(Input data begins)

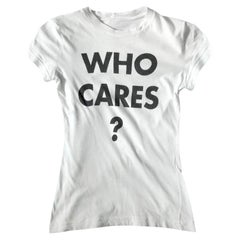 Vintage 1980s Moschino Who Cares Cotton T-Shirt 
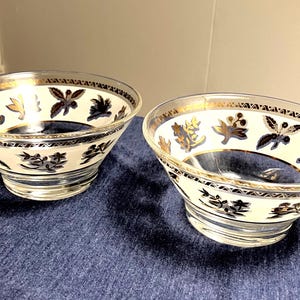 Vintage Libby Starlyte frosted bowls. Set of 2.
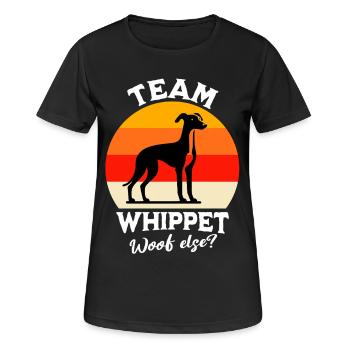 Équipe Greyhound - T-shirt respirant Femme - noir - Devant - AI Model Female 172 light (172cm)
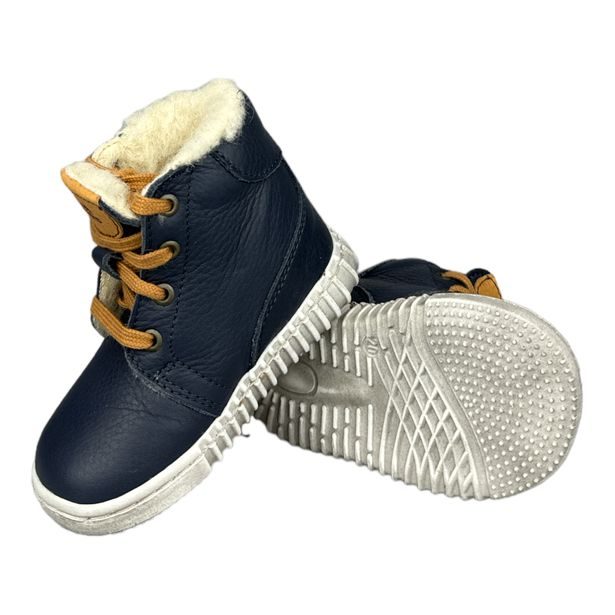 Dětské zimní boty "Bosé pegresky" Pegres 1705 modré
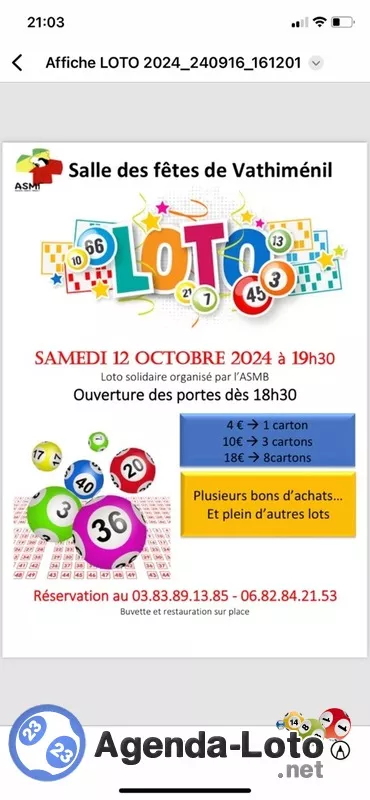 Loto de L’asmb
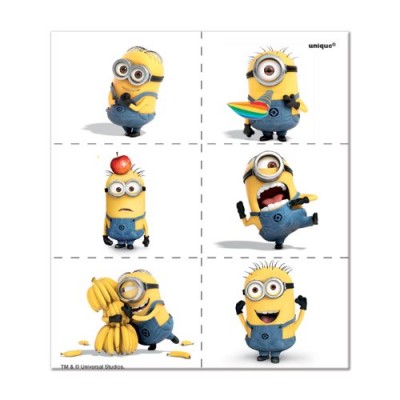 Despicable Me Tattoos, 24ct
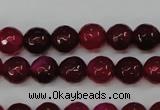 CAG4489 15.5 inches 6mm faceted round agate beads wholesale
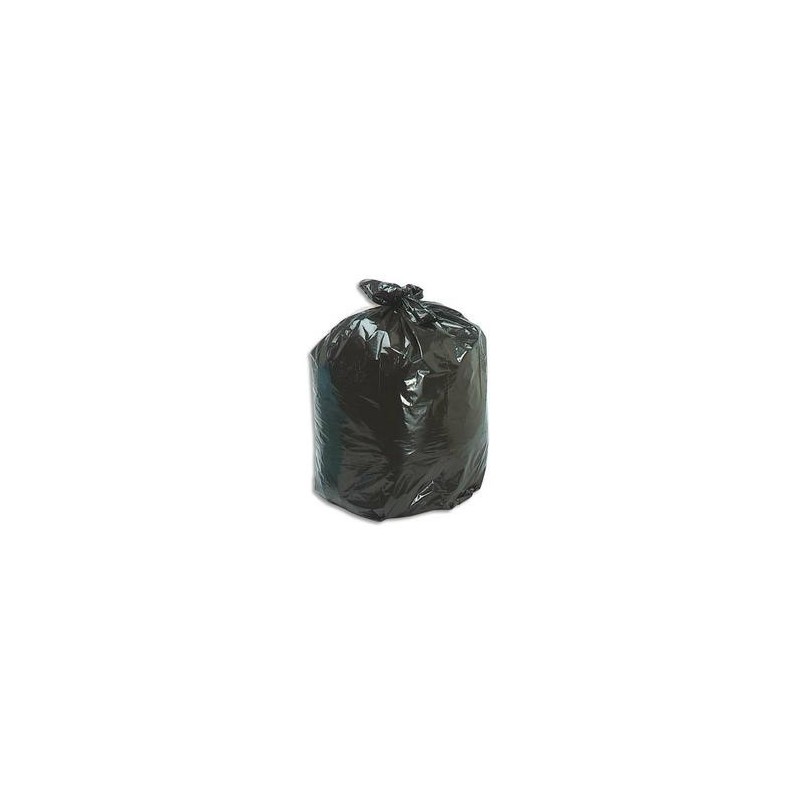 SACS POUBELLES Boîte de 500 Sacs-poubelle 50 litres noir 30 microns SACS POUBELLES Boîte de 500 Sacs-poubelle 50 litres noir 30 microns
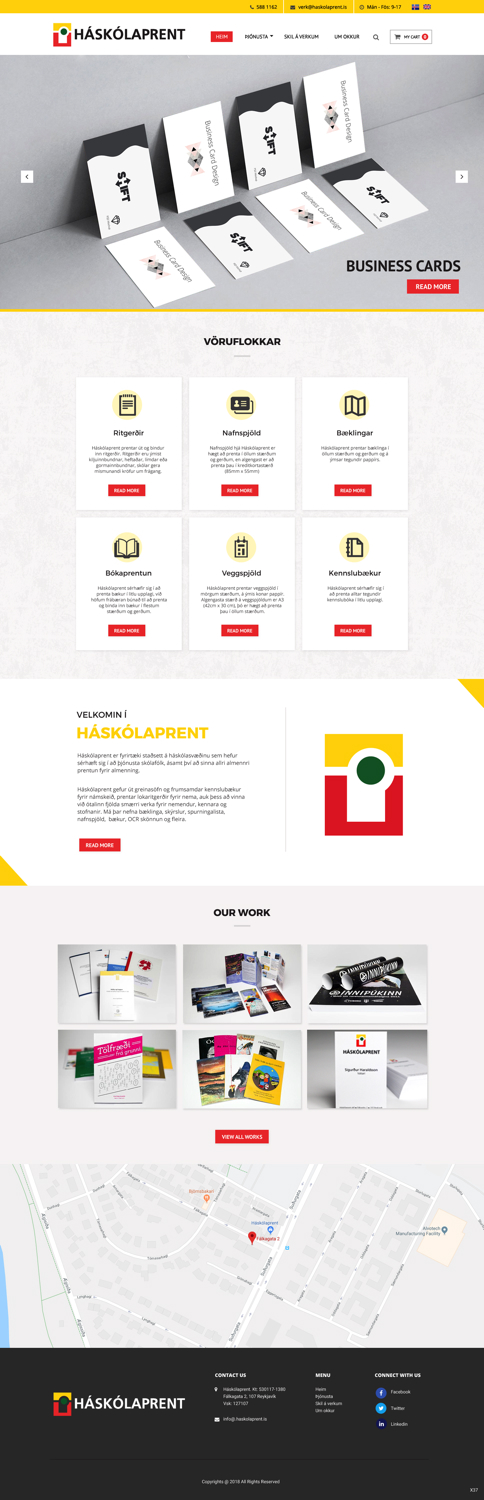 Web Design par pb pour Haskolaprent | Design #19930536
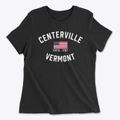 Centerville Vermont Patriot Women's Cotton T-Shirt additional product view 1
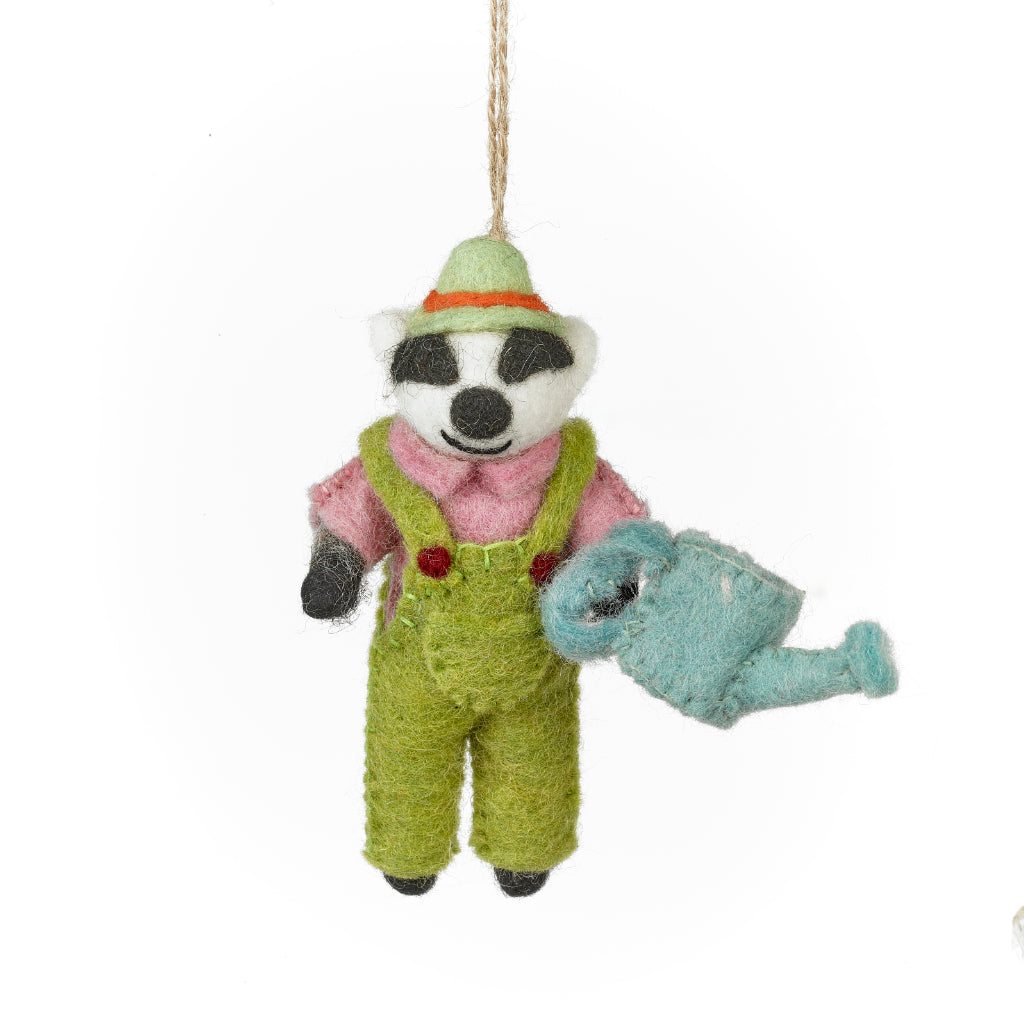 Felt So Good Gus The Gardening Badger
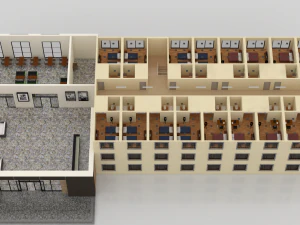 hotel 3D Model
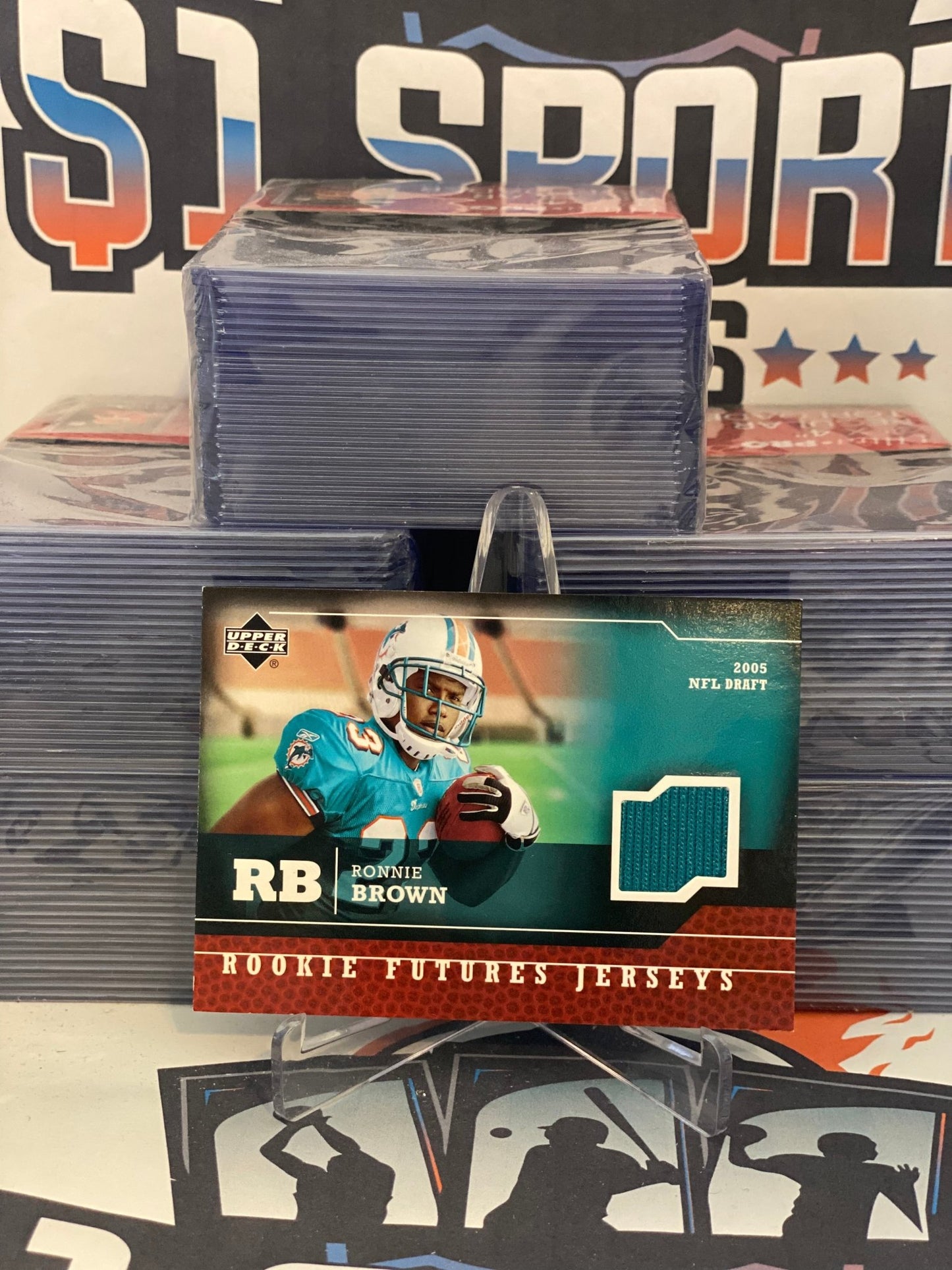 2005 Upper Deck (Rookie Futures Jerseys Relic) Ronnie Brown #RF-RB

(Input data ends)

Aim of the exercise
For this task, give again exactly the lines from the line with "Équipe Greyhound - T-shirt" through the end of the entries, including both ends, and omit the pictures.

Response
 Équipe Greyhound - T-shirt respirant Femme - noir - Devant - AI Model Female 172 light (172cm)
 Dětské zimní boty "Bosé pegresky" Pegres 1705 modré
 Loto de L’asmb
 Despicable Me Tattoos, 24ct
 CAG4489 15.5 inches 6mm faceted round agate beads wholesale
 SACS POUBELLES Boîte de 500 Sacs-poubelle 50 litres noir 30 microns SACS POUBELLES Boîte de 500 Sacs-poubelle 50 litres noir 30 microns
 Web Design par pb pour Haskolaprent | Design #19930536
 Centerville Vermont Patriot Women's Cotton T-Shirt additional product view 1
 Felt So Good Gus The Gardening Badger
 hotel 3D Model
 2005 Upper Deck (Rookie Futures Jerseys Relic) Ronnie Brown #RF-RB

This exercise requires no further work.